During recent years, developments in Estonian society have, in general, not been conducive to social cohesion. The state’s relative inability to balance the effects of market mechanisms with social political measures has created wide disparities between social classes and different regions (as witnessed by the yearly published Estonian Human Development Reports). However, the powerful development of the non-profit sector, since the late 1990s, is a sign of change in this respect. In 2014, the number of registered non-profit voluntary associations amounted to around 18 000 – a high figure in relation to the size of the country’s population. Not all of the registered organisations are, however, active and they tend to operate with very few resources. Their average size of membership has diminished during the past five years. Around 31% of the population are members of a sports, leisure, cultural or other association, while 16% are members of a religious organisation, 8% of a political party and 7% of a labour union.
In cultural policies, there is a tendency to present culture as part of a common, “national” cause, which can, in some respects, have the effect of enhancing social cohesion. At the same time, it may have the opposite effect when seen from the point of view of those people who have difficulties in identifying with and seeing themselves as a part of the national “grand narrative”. In explicit terms, social cohesion has become a cultural policy issue in the specific field of integration of national minorities and immigrants.

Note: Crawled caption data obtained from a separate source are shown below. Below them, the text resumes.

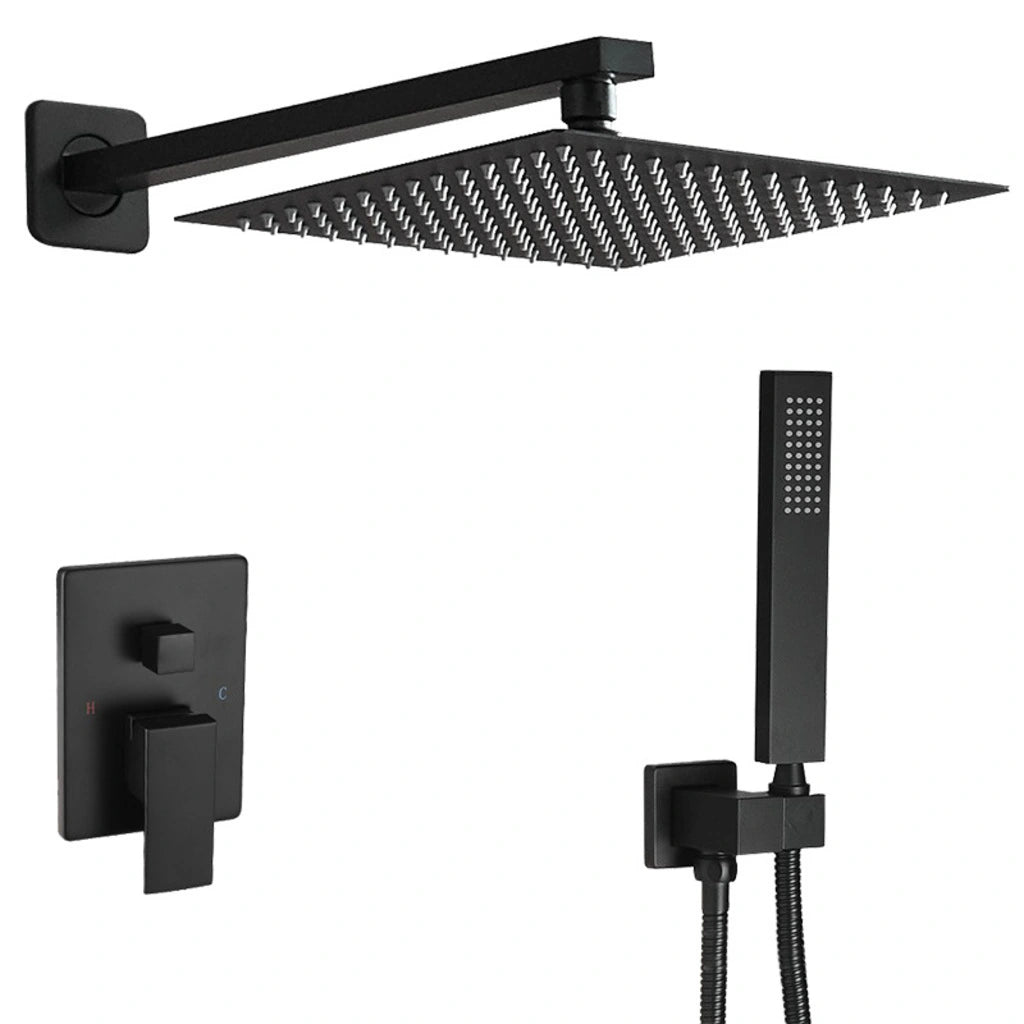 Sistem de Cadă-Duș negru mat, montaj pe perete, cap ploaie 10” și pară de duș, presiune înaltă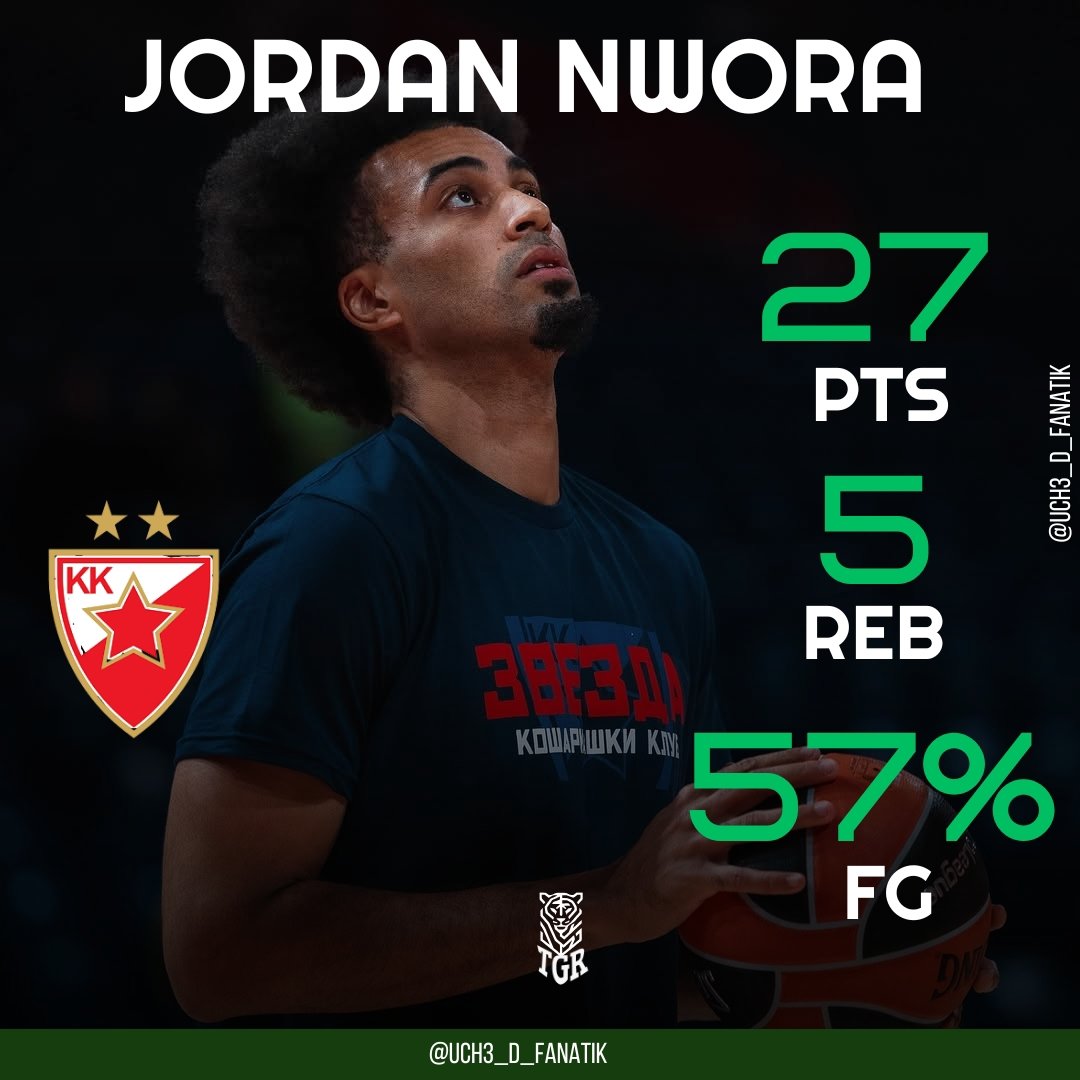uch3_D_Fanatik's tweet image. Jordan Nwora puts up a @EuroLeague Career-high but Crvena Zvezda falls to Bayern in Round 2 

Chima Moneke had foul trouble but still ended with double digits scoring. 

#TGR
#BallChatWithKenny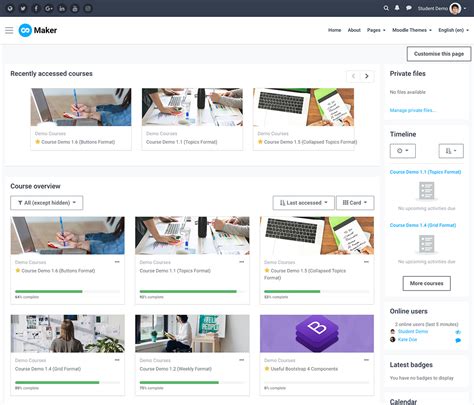 Moodle Dashboard Interface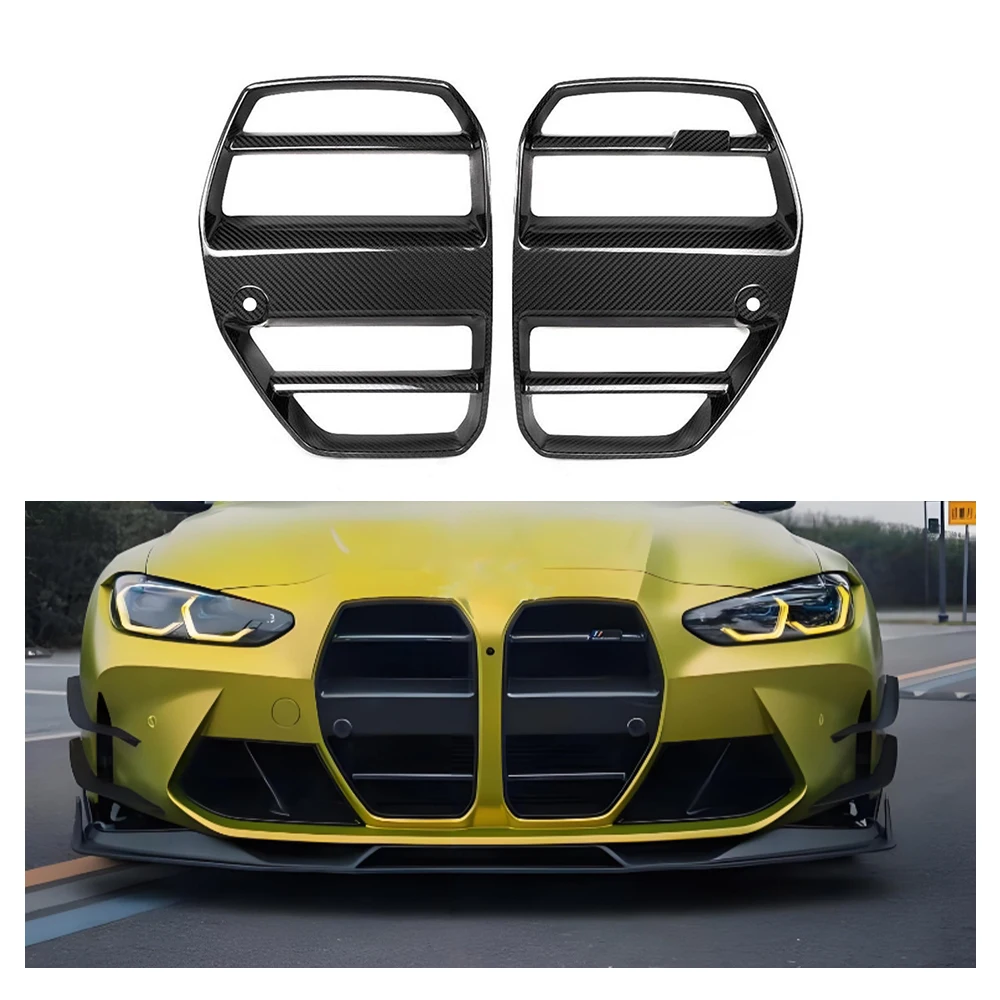 For BMW M3 M4 2021-2024 G80 G82 Genuine Dry Carbon Fiber ST Style Grille Front Bumper Diffuser Spoiler Body Kits Trim Auto Parts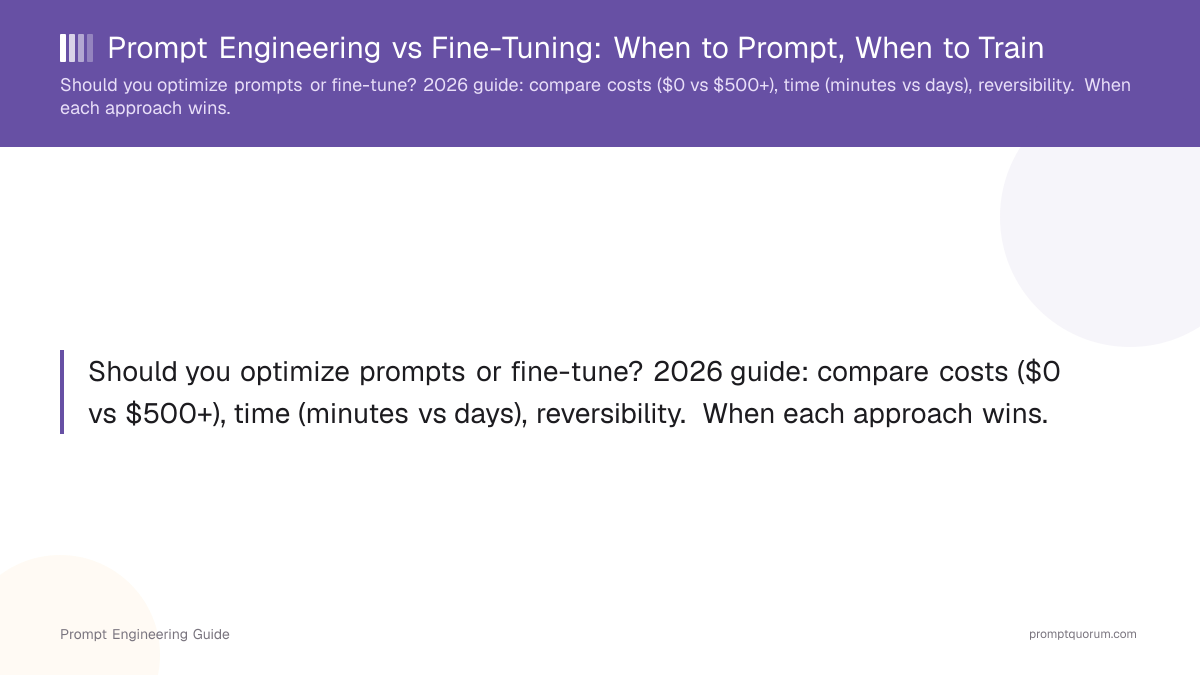 Prompt Engineering vs Fine-Tuning: When to Prompt, When to Train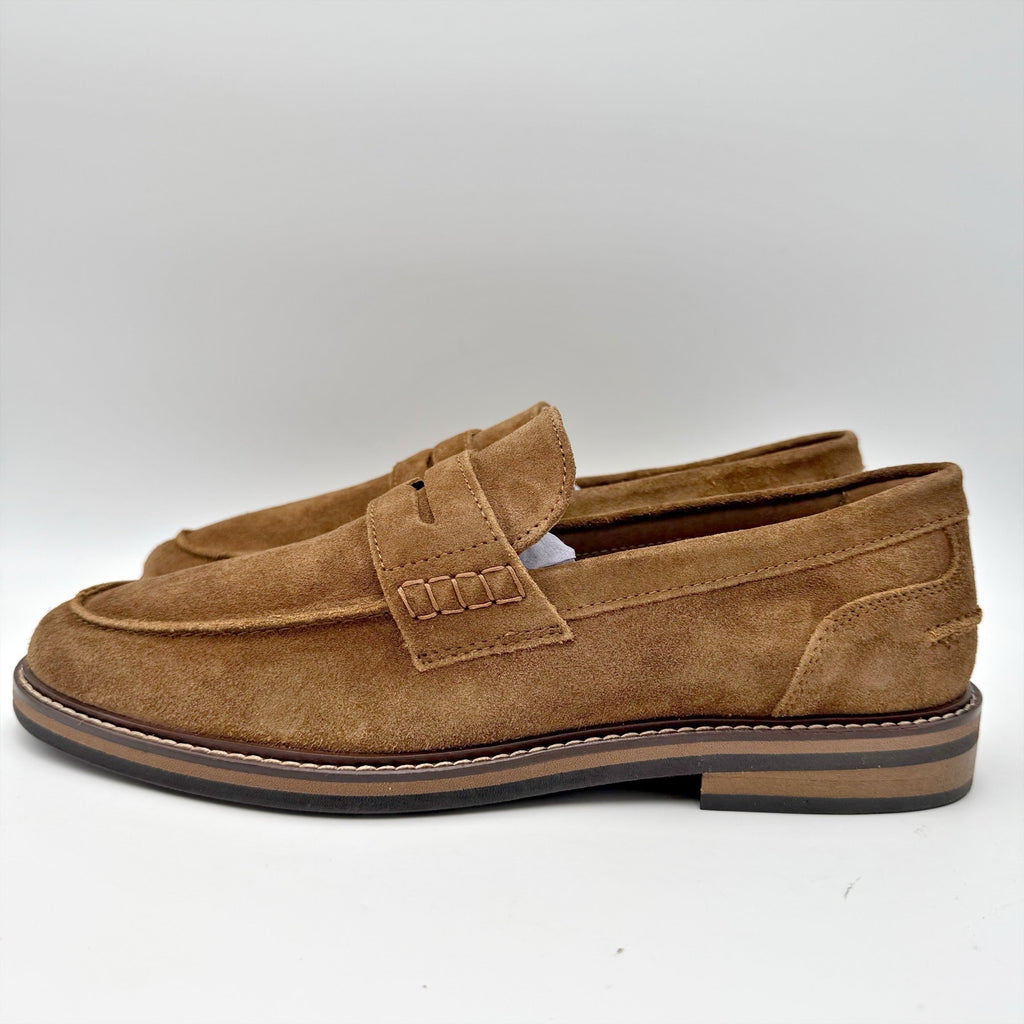 Crown Vintage Mens Aydrien Penny Loafers Size 9.5 M Tan Brown Suede NWOB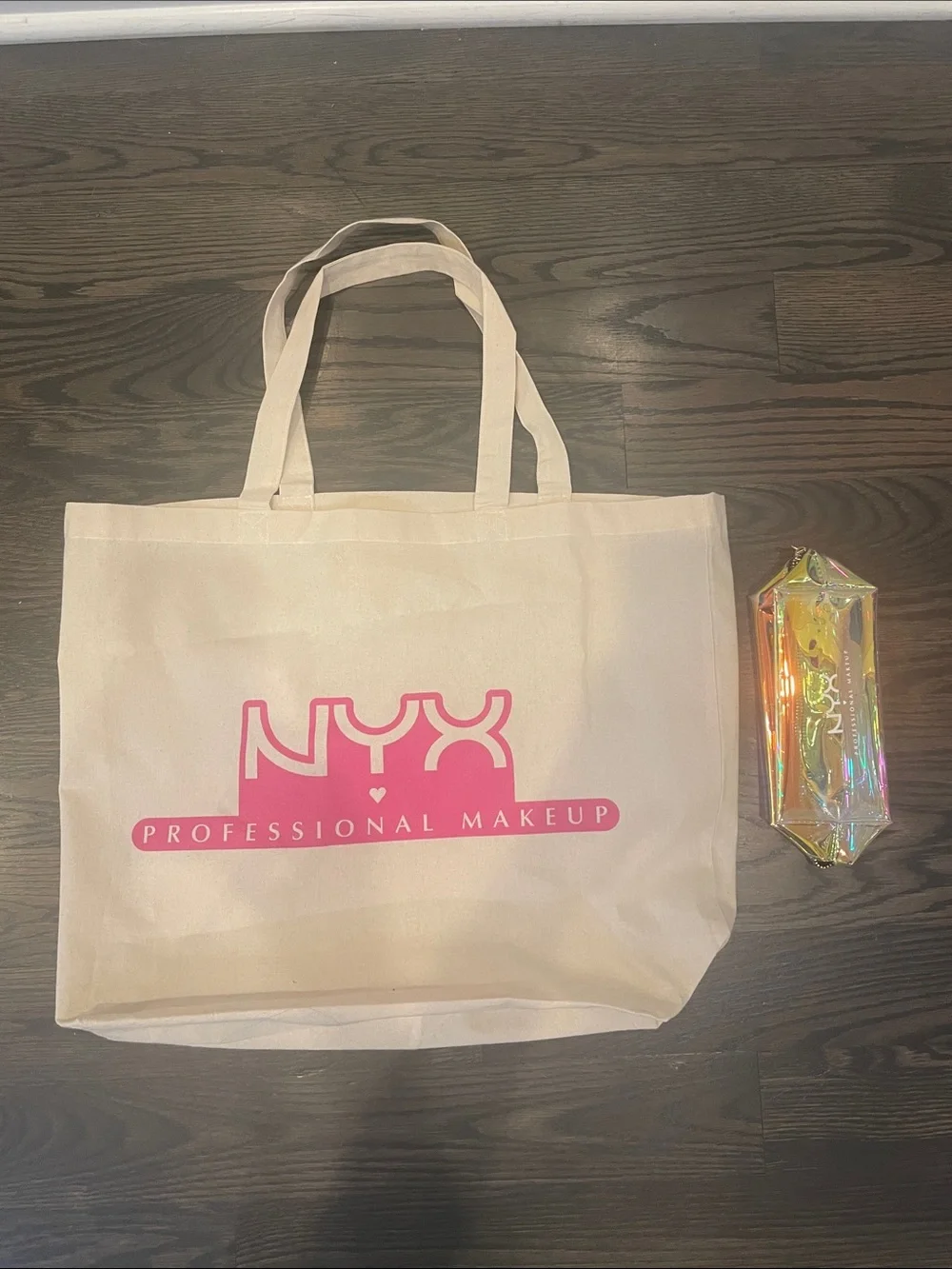 NYX Cream Canvas Tote with Pink Logo and matching makeup bag 18 x 15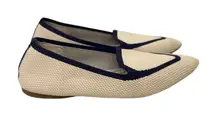 Birdies Shoes Blackbird Knit Navy Tan Pointed Toe Ballet Flats Size Women's 8.5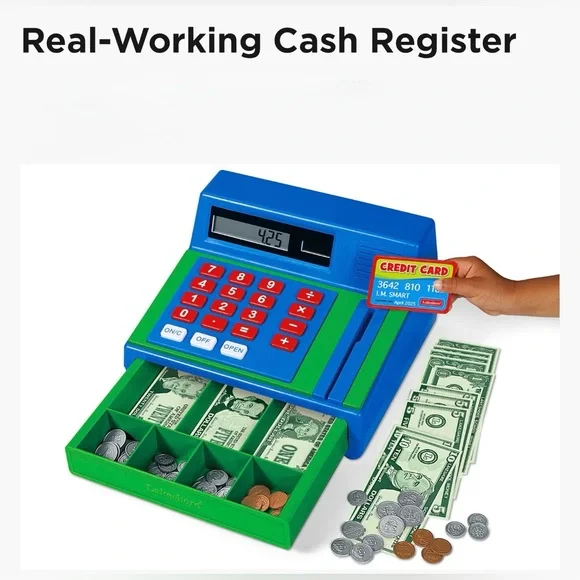 Lakeshore Toy Cash Register with Play Money and Melissa and Doug Play Money Set. - Picture 2 of 12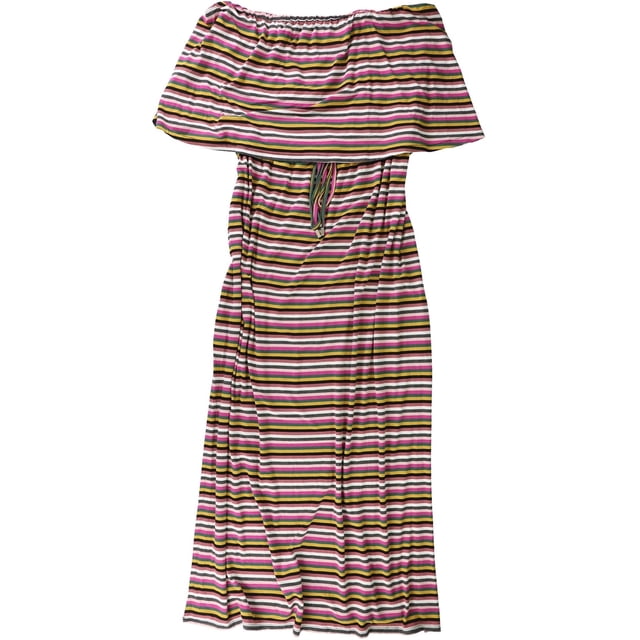Bar III Maxi vestido sin tirantes con hombros descubiertos para mujer, rosa, pequeño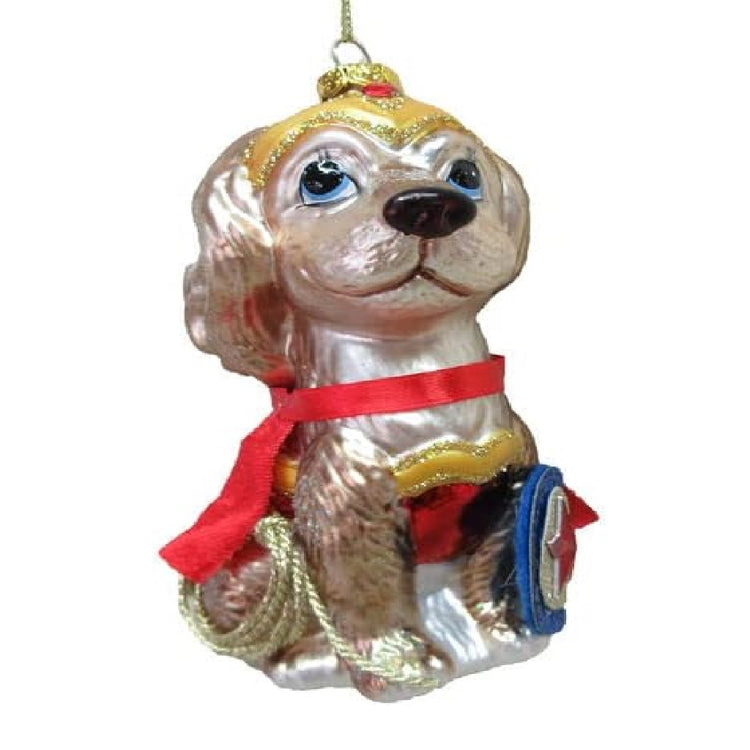 blown glass spaniel dog win wonder woman style costume.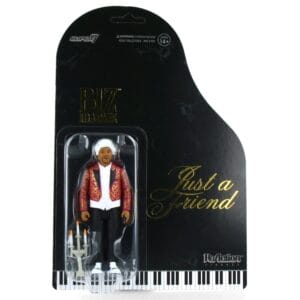 Super7 ReAction Figure samlarfigur föreställande rapparen Biz Markie i sin rosa och vita barockkostym och lockiga peruk från musikvideon Just a Friend.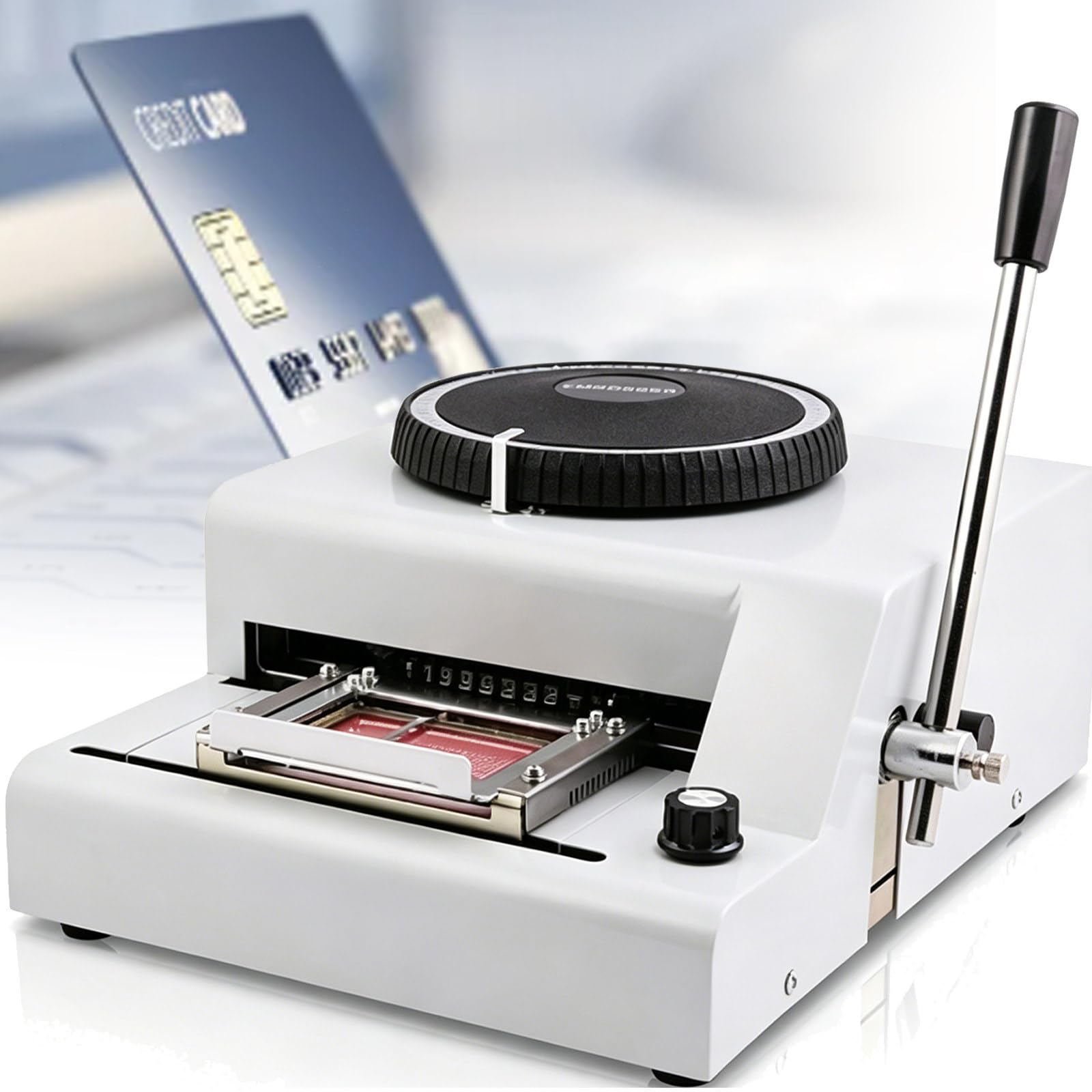 ZyKnaurral Manual Stamping and Embossing Machine, 72-Character PVC Cards Embosser, Letter Embosser, Embossing Machine for VIP, Gift, Credit Cards and ID Cards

The Constitution, which was adopted in 1992, recognises the right of national minorities to express their identity and develop their cultural traditions. The state administration is, in principle, mono-lingually Estonian. However, in practice, society has continued to function bilingually in Estonian and Russian, especially in such ethnically mixed localities as Tallinn, the capital and the larger cities in the North East. Even if Tallinn itself does not organise cultural services in Russian, or in other minority languages, it finances the activities of a number of NGOs dealing with minority cultures, and provides them with space in the Russian Cultural Centre and in other cultural and community centres. Similar pragmatism can be seen from the language strategies adopted by larger businesses: even if public advertising in other languages than Estonian is restricted by legislation, clients are offered services in Estonian and Russian (and eventually English or even Finnish) as a matter of daily routine. The same can be said of most public services such as education, health care, police, communications, etc., and also of many types of activities of the non-profit organisations. In its opinion of 2001, the Council of Europe’s Advisory Committee monitoring the Framework Convention for the Protection of National Minorities was pleased to note that the use of Russian was widely accepted in contacts with authorities, but deplored the lack of legislation that would guarantee that right. In these respects, the situation has not changed.
The legislative measure most directly concerned with minority cultures is the Law on the Cultural Autonomy of National Minorities, (1993) (see, however, the discussion in chapter 2.6 on the difficulties in implementing it). To a large extent, the Act has remained a dead-letter; minorities continue to organise their cultural life through voluntary associations and non-profit foundations, in accordance to the general legislation on non-profit organisations
Even if the number of different organisations for minority cultures is large, they have remained very small in size, and their ability to reach out to the members of minority groups is limited. On the other hand, there are some events and institutions that are remind Estonians about the existing diversity in the country – the Slavonic Song festival, the Russian Drama Theatre, the Swedish and Armenian churches, or the radio and TV programmes in minority languages. The cultural policies of the state and local governments towards ethnic minorities have mainly consisted of direct and indirect support to the activities of non-profit organisations and amateur cultural groups. However, these organisations and groups cannot, by themselves, have much influence on one of the most acute problems faced by cultural policy today: the minorities’ lower level of cultural participation, consumption and access to pursuing a career in culture.